▸ EXERCISE
Could you repeat the records below exactly, leaving the pictures out?

ENTRIES SHOWN: Begin

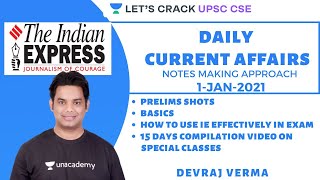 1-Jan-2021 | Daily Current Affairs | Indian Express News Paper | UPSC CSE/IAS 2021 | Devraj Verma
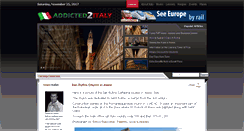 Desktop Screenshot of addicted2italy.com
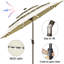 Parasol lumineux 9 pi Keensburg-765066711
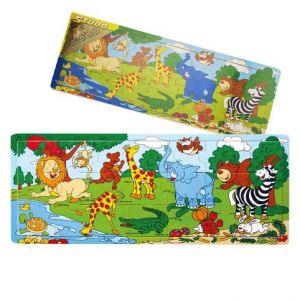 Puzzle deskové ZOO dřevěné 21 dílů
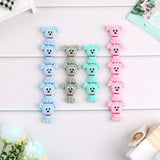 Kovict 10pcs Cartoon Dog Silicone Beads Baby Teether DIY Toy Necklace Pendant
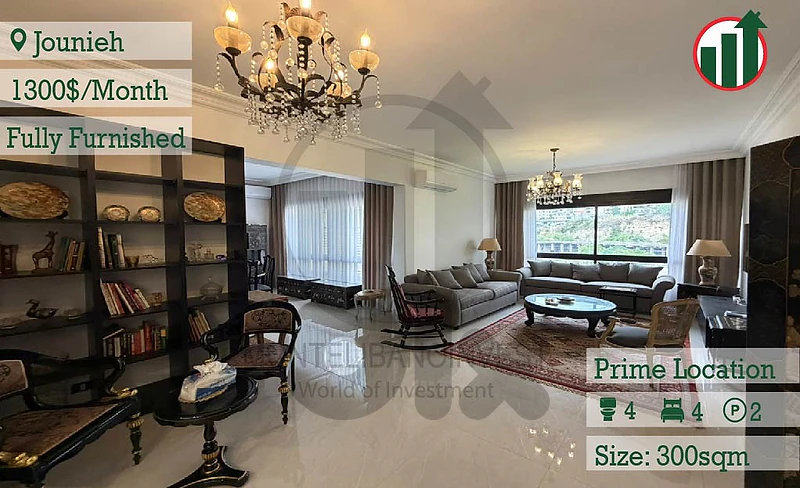 Prime Location | Fully Furnished Apartment For Rent In Jounieh !!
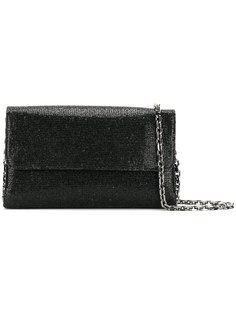 foldover glittered clutch bag Casadei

ENTRIES SHOWN: End

▸ WRITTEN SOLUTION
 1-Jan-2021 | Daily Current Affairs | Indian Express News Paper | UPSC CSE/IAS 2021 | Devraj Verma
 Desktop Screenshot of addicted2italy.com
 Parasol lumineux 9 pi Keensburg-765066711
 Puzzle deskové ZOO dřevěné 21 dílů
 Kovict 10pcs Cartoon Dog Silicone Beads Baby Teether DIY Toy Necklace Pendant
 Prime Location | Fully Furnished Apartment For Rent In Jounieh !!
 foldover glittered clutch bag Casadei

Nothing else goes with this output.